Andreu sale al patio del almacén y regresa con una jaula hecha con bolillos de madera.

—Es una de mis favoritas —dice señalando la paloma que aletea en el interior—. La uso para enviar mensajes a mis sucursales en Amatitlán y Escuintla. Suéltela, si sale con bien. Ella sabe cómo regresar y yo estaré más tranquilo. Si todo sale como espera... como esperamos, ¿hay alguien más que lo deba saber?

—Elena Castellanos. Envíele un mensaje a la farmacia, pero mi nombre deberá quedar en secreto.

—Así se hará.

Néstor estrecha la mano de Andreu.

—Es usted un hombre muy generoso —le dice.

Chico
Andreu retiene la mano de Néstor y, mirándole a los ojos, le pregunta:

—¿Por qué lo hace?

A
Chico
le cuesta entender, sin duda, los motivos que Néstor abriga para jugarse la vida por Joaquín, luego de haber sido testigo de un duelo en el que fue imposible la conciliación.

—No estoy muy seguro —responde Néstor, con una sonrisa—. Quizá no quiera perder la capacidad de sublevarme.

Néstor Espinosa llega a la barbería
Pompadour,
higiene y esmero, cuando las agujas del reloj de pared que preside el local indican las cuatro menos veinte. Toma un ejemplar de
La Guasa
y se sienta cerca del sillón donde don Hermógenes Márquez tijeretea el cuello de un parroquiano.

Don Hermógenes es platicador y bienhumorado. Y le encanta la política. No está de acuerdo con la marcha de la revolución y dice en tono pontifical que los dioses suelen castigar a los hombres concediéndoles sus más íntimos deseos, máxima con la que pretende retratar a quienes, habiendo creído que la revolución haría de Guatemala un paraíso, se consumen hoy en un infierno.

A Néstor le tienta interrumpir a don Hermógenes. Tiene la suficiente confianza con él para corregir sus críticas. Pero antes de que pueda abrir la boca, el muchachito que lustra los zapatos de los clientes entra gritando:

—¡Han cerrado la Plaza de Armas! ¡Dicen que va a haber una ejecución!
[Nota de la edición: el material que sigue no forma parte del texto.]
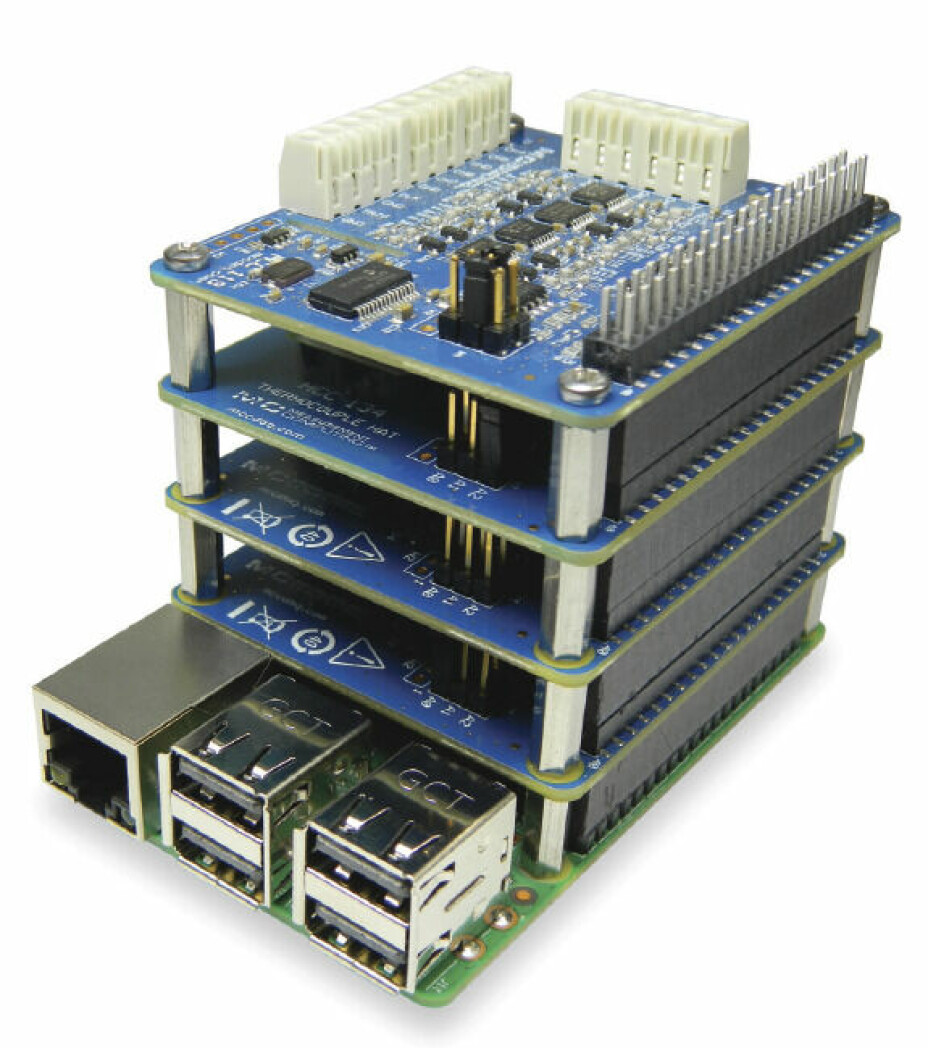 Figur 2: MCC-HAT-er er stablebare DAQ-kort som kobles til 40-pinners GPIO-header på Raspberry Pi enkeltkorts datamaskin (SBC).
Néstor arroja el periódico a una silla y sale a la calle. La barbería está a dos cuadras al norte de la plaza y corre hacia allí con toda la energía que le dan las piernas. Pero le cuesta llegar. En la esquina que, viniendo de Jocotenango, desemboca en la Plaza de Armas, no sólo se ha congregado la plebe, sino también damas, damiselas y caballeros con sombreros de copa, pues el morbo es un animal que se saborea con el dolor ajeno y la cercanía de la muerte, sin hacer ascos a la clase social que lo alimenta.

Cuando alcanza la fachada trasera del ayuntamiento, oye una descarga, después algunos gritos y, luego, el silencio propio de la noche. Se detiene jadeando. El estrépito acelera sus pulsos, y su amor propio se duele con una honda sensación de impotencia. Si Joaquín es uno de los ejecutados, el plan no tendrá ya ningún sentido.